[Your instructions]: Copy the listing as it is written, and leave each picture out.
(Beginning of Records provided)
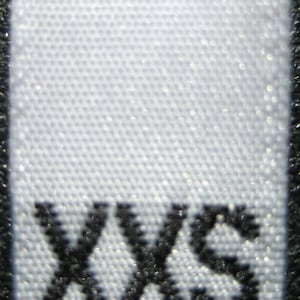 May include: White clothing tag with black text that reads "XXS".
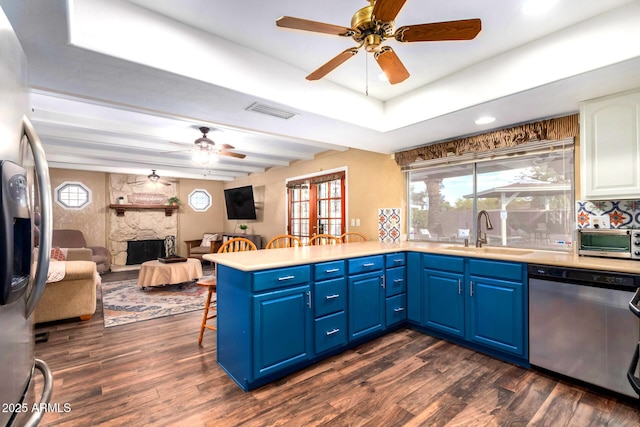 3377 W Grandview Rd, Phoenix, AZ 85053 - kitchen with appliances with stainless steel finishes, a sink, blue cabinetry, a ceiling fan, and dark wood-type flooring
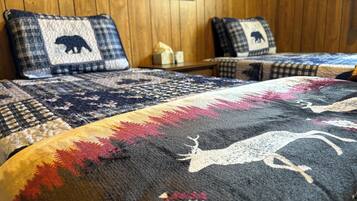 A bed with a patterned blanket and two pillows with animal designs.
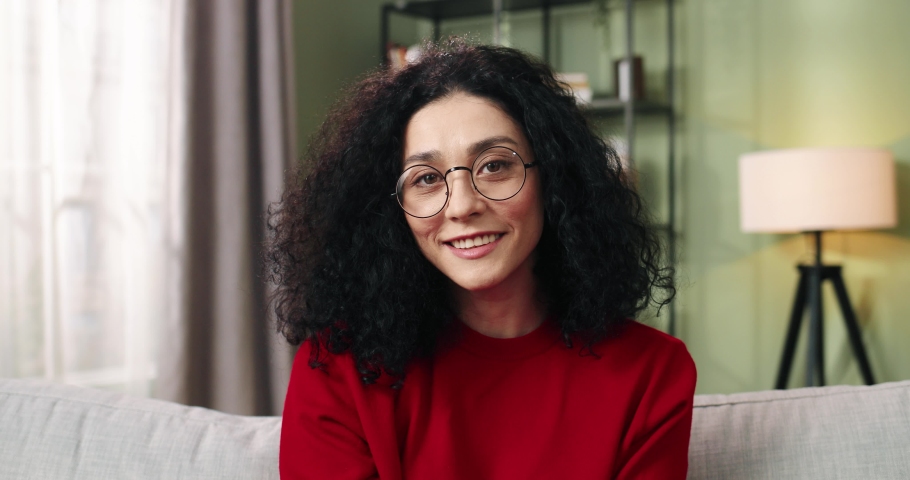 Close up portrait of cheerful happy young millennial woman in glasses sitting at home and looking at came smiling in positive mood. Beautiful Caucasian brunette female in living room. Leisure concept | Shutterstock HD Video #1065879853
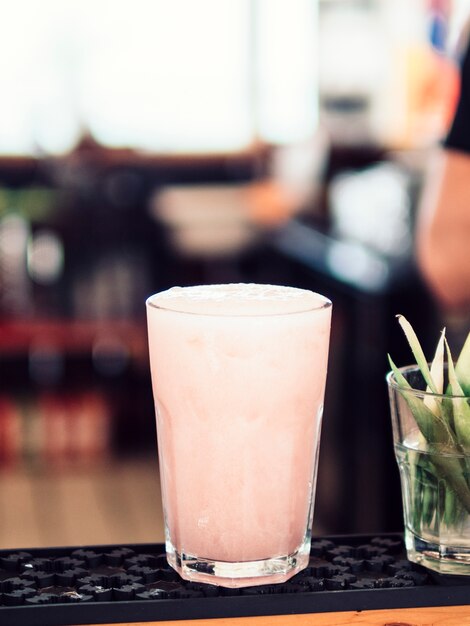 Glass of light pink beverage
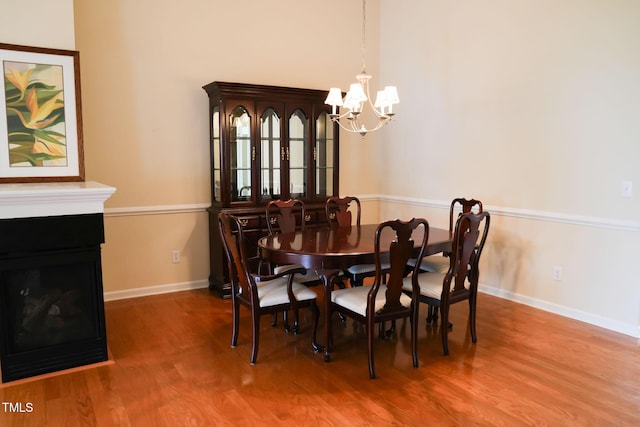 3423 Van Hessen Dr, Raleigh, NC 27614 - dining space featuring a chandelier, wood finished floors, and a fireplace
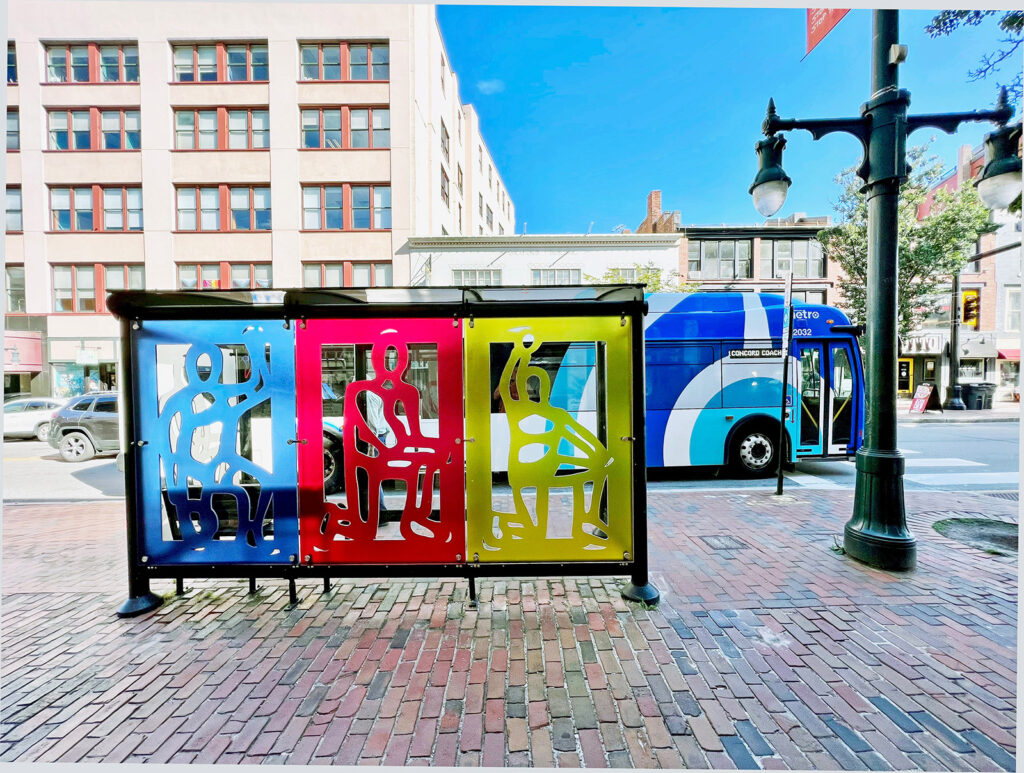 artistic bus shelter and bus in downtown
(End of Records provided)
[Exercise response]:
 May include: White clothing tag with black text that reads "XXS".
 3377 W Grandview Rd, Phoenix, AZ 85053 - kitchen with appliances with stainless steel finishes, a sink, blue cabinetry, a ceiling fan, and dark wood-type flooring
 A bed with a patterned blanket and two pillows with animal designs.
 Close up portrait of cheerful happy young millennial woman in glasses sitting at home and looking at came smiling in positive mood. Beautiful Caucasian brunette female in living room. Leisure concept | Shutterstock HD Video #1065879853
 Glass of light pink beverage
 3423 Van Hessen Dr, Raleigh, NC 27614 - dining space featuring a chandelier, wood finished floors, and a fireplace
 artistic bus shelter and bus in downtown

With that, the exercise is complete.